Crystal Marie Fleming risponde a questa domanda richiamando le idee della storica culturale Saidiya Hartman, che esplora l’aldilà della schiavitù. Hartman mette in luce come le conseguenze della schiavitù continuino a influenzare le opportunità di vita, l'accesso limitato alla salute e all'istruzione, le morti premature, l'incarcerazione e l'impoverimento delle comunità afroamericane.
Flemming cita anche l'assistente sociale e accademica Joy DeGruy, la quale afferma che le persone nere stanno ancora affrontando la sindrome post-traumatica da schiavitù, risultato del trauma intergenerazionale. Questo trauma può essere trasmesso collettivamente da una generazione all'altra, portando a convinzioni e comportamenti psicologicamente dannosi che persistono tra i discendenti delle persone schiavizzate. Un esempio di questi effetti è il razzismo culturale, radicato nei bianchi, che alimenta la convinzione della superiorità bianca.
È fondamentale riconoscere che i problemi emersi durante le generazioni di schiavitù transatlantica non sono svaniti magicamente con la sua abolizione. Al contrario, le ingiustizie inumane sono state assimilate nella cultura americana, ripetendosi secolo dopo secolo. Inoltre, la supremazia bianca che ha legittimato la schiavitù non è scomparsa con la sua abolizione; al contrario, ha continuato a prosperare attraverso diffuse discriminazioni, violenze e gravi disparità economiche, sociali e politiche.
La cosiddetta “libertà” per gli afroamericani si è spesso tradotta in una carenza di risorse e di supporto adeguato da parte del governo federale.
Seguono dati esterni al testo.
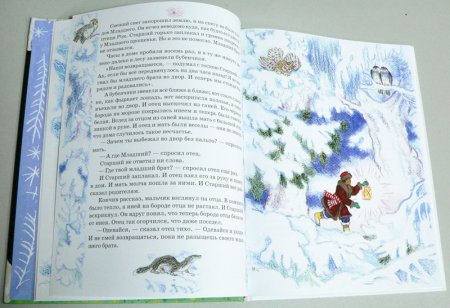 Детская книга про двух братьев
Molti di questi individui liberati hanno affrontato la fame e le malattie. Inoltre, la supremazia bianca ha continuato a essere istituzionalizzata negli Stati Uniti attraverso le leggi segregazioniste di Jim Crow, limitando l’istruzione e le opportunità economiche e mantenendo la continua minaccia di linciaggio e violenza da parte dei bianchi.
Nel corso di un documentario, l’autrice afroamericana Maya Angelou (1928 - 2014) — di cui ho già letto tre libri e su cui intendo scrivere in seguito — racconta come fosse divisa Stamps (Arkansas), la città in cui è cresciuta. Angelou condivide l’esperienza di non sentirsi mai al sicuro nel attraversare il quartiere nero per entrare in quello bianco, nemmeno decenni dopo e in compagnia di Bill, l’uomo bianco che la accompagnava. Non mi dilungherò oltre nel riportare le sue parole, ma vi invito a ascoltarle direttamente nel frammento del documentario (sottotitolato in italiano).
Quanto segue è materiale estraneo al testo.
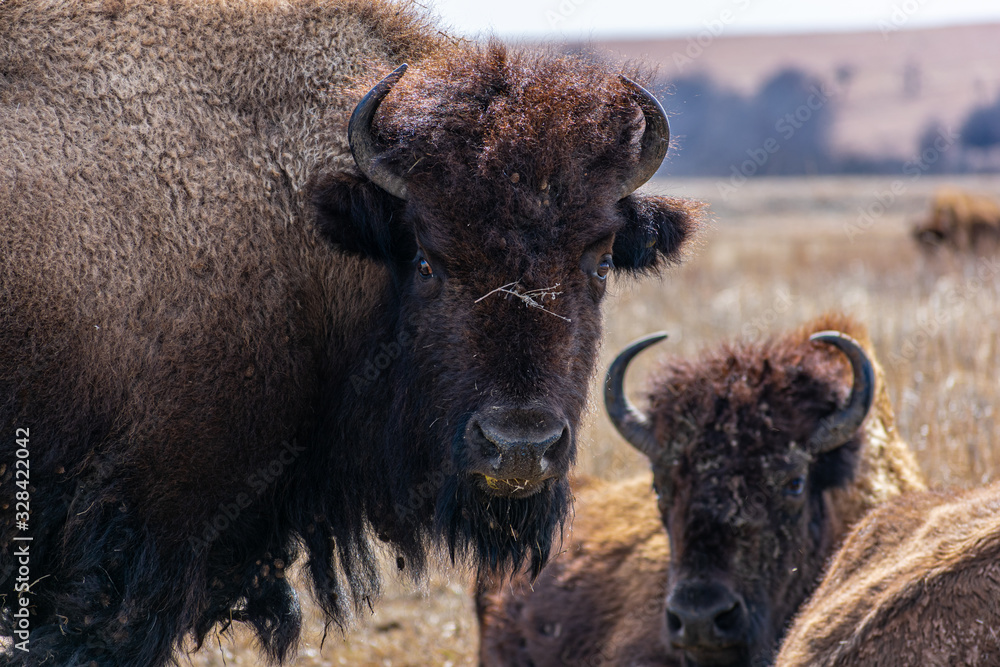 Fototapeta premium Female Bison old and new Joseph H Williams Tall Grass Prairie Preserve Oklahoma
Rise up! How you can join the fight against white supremacy
Questo libro esplora le radici del razzismo e la sua eredità nel mondo moderno, offrendo al contempo ai giovani strumenti concreti per aiutare a promuovere un mondo migliore e diventare antirazzisti.
Perché i suprematisti bianchi sfilano ancora apertamente negli Stati Uniti? Perché i bambini di colore senza documenti vengono separati dalle loro famiglie e rinchiusi in gabbie? Da dove nasce il razzismo? Perché non è già scomparso? E cosa possono fare i giovani a riguardo?
Rise Up! scompone le origini dell'ingiustizia razziale e il suo impatto persistente oggi, collegando i punti tra passato e presente. Includendo esempi contemporanei presi dai titoli dei giornali e modi concreti in cui i giovani possono contribuire a creare un mondo più inclusivo, la sociologa Crystal Marie Fleming condivide le conoscenze e i valori che uniscono tutti gli antirazzisti: compassione, solidarietà, rispetto e coraggio di fronte alle avversità.